Sex steroid formation in peripheral tissue is well documented in the human species, being the cytochrome P450 aromatase (Cyp19a1), an enzyme widely investigated in HBC [62,65,76,95,96,97,98]. Unfortunately, there is a paucity of information regarding Arom in CMC [13,57,58]. In this study, the increased tumor expression of Arom was associated with menopausal status in HBC which is related to the role of the mammary gland (normal or neoplastic) as a peripheral source of estrogens, especially in postmenopausal women [99].

Aromatase immunoexpression in the neoplastic cells was similar in both species. In HBC, it was associated with ERα status, an association observed previously by others [62,100] and, in CMC, with ERβ. Human breast cancer samples that showed immunoreactions to Arom were mainly ERα+, but showed low counts of AR TS. This suggests that when Arom is present, the local conversion of T to E2 could upregulate ERα and consequently downregulate the expression of AR. Similarly, in CMC, Arom+ tumors were also positive to ER, but in this species to the isoform β. This finding again supports the hypothesis of a major role of ERβ in the mammary carcinogenesis of canine species. Also in CMC, Arom was not inversely associated with AR, but it was positively associated with PR, as most of the Arom+ tumors were PR+. A different influence of progestogens upon human/canine mammary carcinogenesis should be taken into consideration, since the canine species is under major influence of progestogens, due to a longer period between consecutive estrous cycles in the female dog. The effect of progestogens in the mammary carcinogenesis of the dog has been previously indicated [101,102,103].

For the hormonal tumor content assay, fresh tissue was needed, and therefore it was necessary to prospectively collect samples from the limited number of cases included in the study. In spite of this, several interesting results were obtained. Both HBCs and CMCs contained higher amounts of all the hormones assayed compared with the respective normal control tissue of each species. These results are in agreement with previous studies on HBC [68,75,76,77] and CMC [24,28]. Nevertheless, when comparing the hormone concentrations in the tumors of humans and canines (Table 2), it is striking that estrogen (E2 and SOE1) and P4 levels were higher in HBCs than in CMCs, while the concentration of the androgens A4, DHEA, and T in both species was quite similar.
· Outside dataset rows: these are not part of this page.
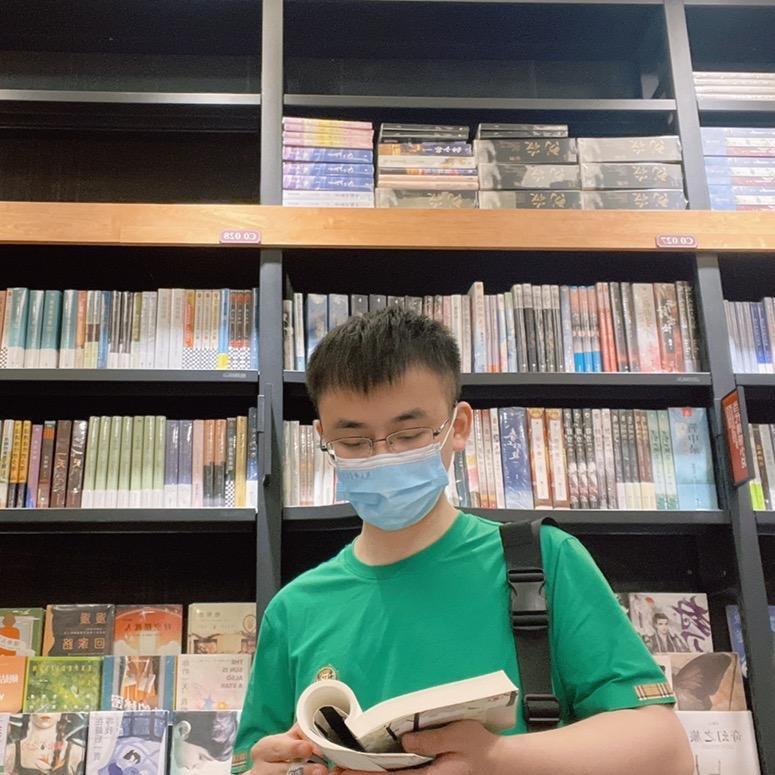 懂事要早睡✨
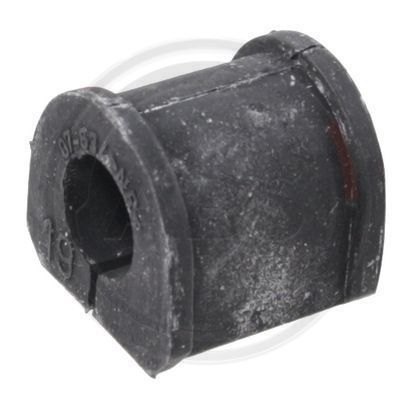 įvorė, stabilizatorius A.B.S. 270867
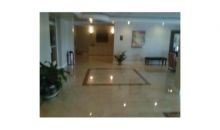 1849 S OCEAN DR # 608 Hallandale, FL 33009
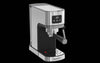 Brew Master Espresso and Cappuccino Maker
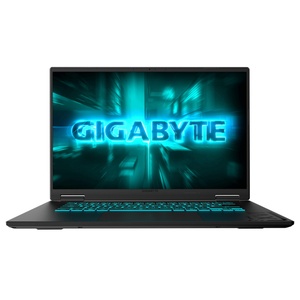 GIGABYTE A16 CMH-I2EE894SD Преносими компютри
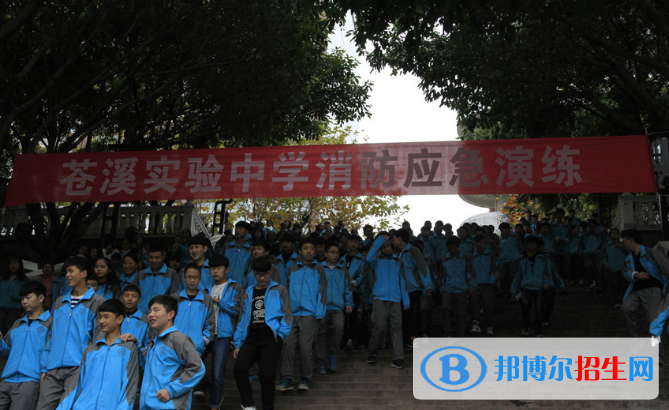 蒼溪實驗中學(xué)職高部網(wǎng)站網(wǎng)址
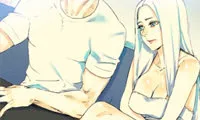 Sponsor - Chapter 25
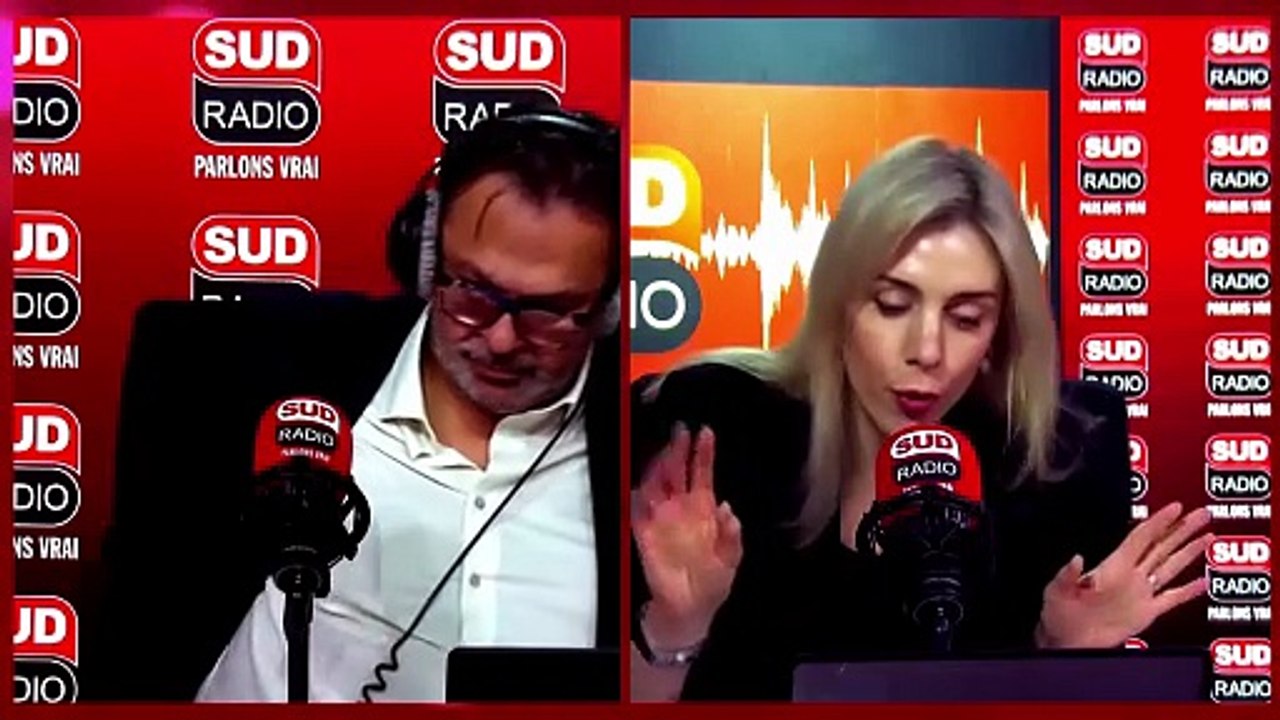 Le “statut du bailleur privé” : l’État veut remettre des logements sur le marché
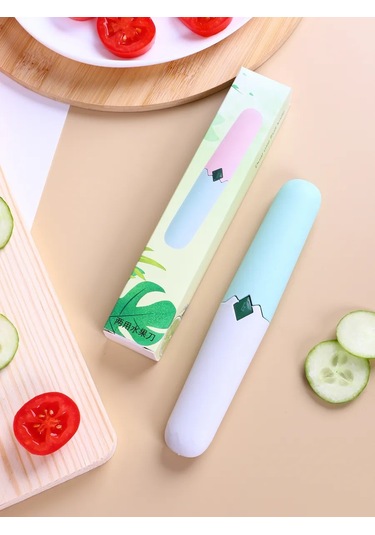 Housemart Sebze Soyacağı 2'si 1 Arada Mantar Bıçağı 277192333 Diğer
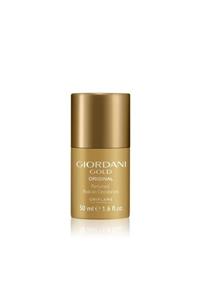 Oriflame Giordani Gold Original Parfümlü Roll-on Deodorant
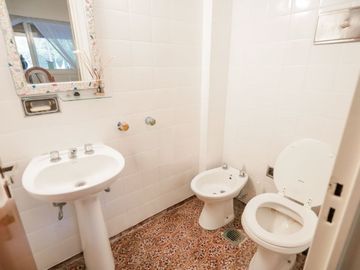 place photo 38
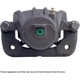 Purchase Top-Quality Front Right Rebuilt Caliper With Hardware by CARDONE INDUSTRIES - 18B4383 pa8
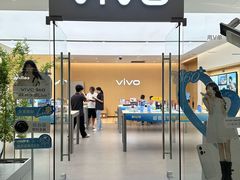 -成都仁和新城购物中心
Another interesting finding was the dramatic increase in T observed in the CMC samples compared to their controls (CC) (44 times higher). Considering that there was a 2-point difference in AR TS between the species, AR being more frequent in human samples than canine samples, the role of T in the canine mammary carcinogenesis is still obscure. In the human samples, the hormone with a major increase was A4 for both premenopausal and postmenopausal HBC (12–16 times higher).

5. Conclusions

This study compares for the first time a series of CMC and HBC cases in terms of hormonal status using the same methodology. Interestingly, remarkable similarities have been found between CMC and HBC, especially PM-HBC, although some differences, such as the expression of ERβ, should be taken into account in comparative hormonal studies. Further comparative studies on the hormonal mechanisms of mammary carcinogenesis are needed to ensure the use of CMC as a good animal model for the study of HBC, including the hormonal perspective.